At this point, we might have a hunch that SWAPGS was introduced with the intention to make the same entry code work for both real hardware/real virtualization and paravirtualization, and this is sufficiently confirmed when we git blame the file a bit:

$ git blame arch/x86/entry/entry_64.S
...
72fe485854429 arch/x86/kernel/entry_64.S (Glauber de Oliveira Costa 2008-01-30 13:32:08 +0100  143)     SWAPGS_UNSAFE_STACK
...
$ git show 72fe485854429
commit 72fe4858544292ad64600765cb78bc02298c6b1c
Author: Glauber de Oliveira Costa <gcosta@redhat.com>
Date:   Wed Jan 30 13:32:08 2008 +0100

    x86: replace privileged instructions with paravirt macros
    
    The assembly code in entry_64.S issues a bunch of privileged instructions,
    like cli, sti, swapgs, and others. Paravirt guests are forbidden to do so,
    and we then replace them with macros that will do the right thing.
...

When looking at the above git blame, there are a lot of lines affecting SWAPGS with different commit hashes, but this one is the oldest. We should be able to transfer the macro calls to the lines adjacent to the swapgs instructions. Fortunately, the number of swapgs instructions and the number of SWAPGS macro calls are almost the same in both kernels. With just the names (SWITCH_KERNEL_CR3) of the macros we don’t really know if this switches the kernel CR3 to the user CR3 or the other way round, and when you look at code that was accepted upstream or in distributions, you might see that the macro names have become easier to understand. So let’s dig into the macros, which are declared in the newly #included asm/kaiser.h.

asm/kaiser.h

asm/kaiser.h consists of assembly code (#ifdef __ASSEMBLY__) and C code (#else).  Assembly code in the Linux kernel uses AT&T syntax, which means that the first operands are the sources and the second operands the destinations. The macros look pretty clean (i.e., they are mostly pure assembly code), except for the use of something called PER_CPU_VAR. Modern processors have more than one core, and these cores operate independently. One core might be executing user land, and another core might be in the kernel or about to do the entry into the kernel.

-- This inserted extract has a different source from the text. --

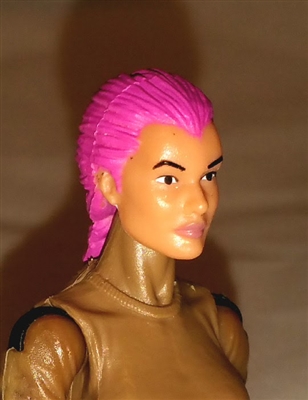 Female Head: "Athena"  Light Skin Tone with Pink French Braid - 1:18 Scale MTF Valkyries Accessory for 3-3/4" Action Figures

Unfortunately, when we grep for PER_CPU_VAR in the old kernel code, we come up empty-handed:

src/kernel/el5/linux-2.6.18.4$ grep -r PER_CPU_VAR .
src/kernel/el5/linux-2.6.18.4$

Note that a case-insensitive grep comes up with ia64-specific (as in Itanium) code. grepping for PER_CPU, on the other hand, yields a lot of results. Even the KAISER patch itself contains DECLARE_PER_CPU and DEFINE_PER_CPU statements. However, the older kernel doesn’t have DECLARE_PER_CPU_SECTION or DEFINE_PER_CPU_SECTION.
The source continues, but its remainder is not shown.